Style as a Structural Attractor

One of the interesting things about writing is the opportunity to develop friendships with people with whom a man would never have contact otherwise. One of these friendships I developed years ago with a man named Athol Kay.

Athol runs a great site and coaching service called Married Man Sex Life. Don’t let the ambiguity of the name fool you, it’s a site geared towards helping men improve their sex lives with their wives. There is a ton of information and Athol really knows his stuff. However, to boil it down to its essence, I would say his overall philosophy is that most relationships  suffer because husbands stop doing things that build attraction as a result of being too focused on building comfort.

All marriages need both attraction and comfort. Without the former it’s not really a marriage, it’s a business and/or roommate agreement that involves finances, household responsibilities, children, etc. Without the latter, it’s not really a marriage, it’s a sexual liaison with the potential for separation as soon as a better sexual option presents itself.


One of the key points that Athol hits on is the idea of building structural attractors. These are things that take some initial effort up front, but once they’ve been established, really only require maintenance. The two examples he uses most commonly are that of having a well-paying job and getting into shape.

Both of these make sense. Women are not only attracted to, but also find comfort in a successful husband.

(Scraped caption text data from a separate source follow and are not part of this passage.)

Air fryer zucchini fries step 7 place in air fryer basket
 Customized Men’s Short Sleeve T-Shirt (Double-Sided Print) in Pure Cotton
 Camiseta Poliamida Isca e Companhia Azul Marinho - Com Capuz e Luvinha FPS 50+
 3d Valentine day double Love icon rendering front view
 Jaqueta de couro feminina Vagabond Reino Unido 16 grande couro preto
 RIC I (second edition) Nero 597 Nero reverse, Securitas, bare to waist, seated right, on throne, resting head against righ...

It demonstrates his ability to provide but also exert a level of control over his sphere of influence. Whether a man finds a great job, builds a business, or combines some measure of the two, attaining a high-level career requires a lot of initial effort. There are long hours to be worked, ambitious hurdles to jump, key relationships to establish, and other time-consuming steps. However, keeping and even excelling in a great job typically requires less effort than landing one.

The same goes for getting into shape. As I’ve started to learn from personal experience, effectively losing fat and building muscle requires a lot of meticulous effort. There are calories to be counted, macros to be conscious of, cardio to be done, weights to be lifted, and sacrifices to be made. The first few weeks or even months in the gym can be discouraging. They require the mental exercise of learning and developing proper form, on top of the physical effort of performing the actual lifts. Breaking out of the meal inertia of eating cheap, easy junk food is difficult and can often upset the balance of the whole family. However, after a little while the lifts come naturally, the food is easier to prepare and eat, and less discipline is required as a man’s body takes on its proper form.

The point of both of these is to have them be something that can be done on autopilot once an acceptable level of accomplishment has been achieved. They become passive systems in regards to the amount of effort a man has to put in, while still remaining active systems in building attraction with women and respect from men.

double-breasted sportcoat

Style is another great structural attractor. It should come as no surprise that women while find a man more attractive and men will find him more respectable if he not only knows how to dress appropriately but how to dress well.

The initial process takes some active effort. It means paying for new clothing, learning guidelines about how to dress better, discovering the unique strengths and weaknesses of each man’s body and building a wardrobe that works within those constrain, adjusting to new, unfamiliar fits and styles, building a wardrobe wherein each item works with the others, and even finding clothing that is consistent with a man’s lifestyle.

It’s not easy at first and does require a lot of effort and investment. However, once a man has the foundations of a good wardrobe established, it becomes incredibly simple and passive to be well-dressed.

A maintenance level is easier to attain than most men think. It doesn’t require a closet as big as a guest bedroom and a different pair of shoes for every day of the month. In fact, the whole reason I write about the Staples is to give men the key pieces needed in a well-rounded wardrobe. Sure it’s nice to have things beyond just the basics, but they’re unnecessary when it comes to building a competent closet.

Once that structure of a stylish wardrobe is established, it frees a mans mind and time to focus on other, more important things – which is really the point of all of this. Clothing is a means to an end, and once a man’s style is established, it can be a passive means, freeing up his mental energy to work on other elements of being a better man.